[Spambayes] Tony Meyer - Training question

Erik Brown kirebrow at yahoo.com
Sun Sep 18 10:23:40 CEST 2005

I forgot to mention they must train on all false negatives and positives as

Erik Brown

-----Original Message-----
From: spambayes-bounces at python.org [mailto:spambayes-bounces at python.org] On
Behalf Of Hely Holdings Pty Ltd (Sales Dept.)
Sent: Sunday, September 18, 2005 1:32 AM
To: spambayes at python.org
Subject: [Spambayes] Tony Meyer - Training question

Hi Tony.

Back in August 2004 you kindly critiqued a spam chapter for me
from my security book "The Hacker's Nightmare".

I am gearing up for a new edition of THN and will be expanding
the spam section a fair bit in the process. I deal only with the
Outlook plug-in.

At this time I would like to know if you have changed your
opinion on training since then. Here's what you said in a message
to me on August 10, 2004 after reading my draft chapter.

---------- BEGIN QUOTE ----------

Training is a difficult issue to write about.  The problem is
that not enough is yet known about the best ways to train, and
that the Outlook plug-in really only facilitates a couple of
different methods.  However, it is almost certain that 'train on
everything' is a bad idea, that smaller databases are generally
better than large ones, and that imbalances are bad.

These are not hard rules.  Your training described has a huge
imbalance, and is a pretty large database, and is (at least
initially) train-on-everything, and yet I presume you have had
good results or you wouldn't be writing this. In general, though,
based on both testing and feedback from users, the above is true.

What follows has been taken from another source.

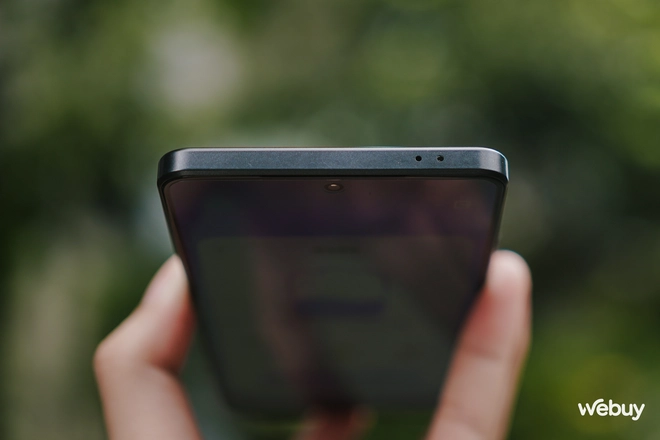 Điện thoại này giá chỉ 7 triệu đồng: Hiệu năng cực mạnh với chip Snapdragon 8s Gen 3, màn OLED 144Hz kèm pin 6.000mAh và sạc 80W- Ảnh 6. Điện thoại này giá chỉ 7 triệu đồng: Hiệu năng cực mạnh với chip Snapdragon 8s Gen 3, màn OLED 144Hz kèm pin 6.000mAh và sạc 80W- Ảnh 6.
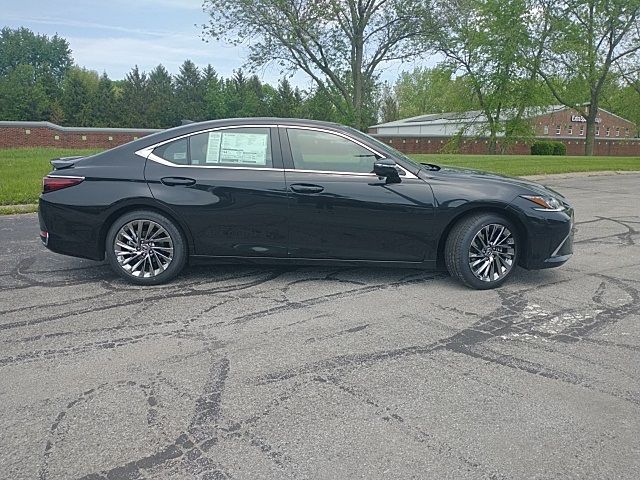 2024 Lexus ES 300h Luxury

I believe that the best training method to recommend to people
using the plug-in is:

 * Don't do *any* initial training. (Everything will now end up
in the 'unsure' folder.)
 * Train on *everything* that ends up in the 'unsure' folder.  At
first, this will be a lot of mail, but it will rapidly reduce.
 * Train on *all* mistakes (at first, there may be some false
positives/false negatives, but these will even more rapidly

Once 10-20 mails of each type have been trained, the system
should be very accurate.

---------- END QUOTE ----------

For my target audience I need to make all explanations and
instructions as simple as possible. If I started describing
techniques like Seth Goodman's "Recursive Training Set Selection
For Outlook" I'd have them throwing up out of fear and confusion.

I basically distilled your advice down to "do no pre-training at
all - train only on the UNSURE folder".

While that seems to work fine and has been well received, it was
after all a year and several releases ago.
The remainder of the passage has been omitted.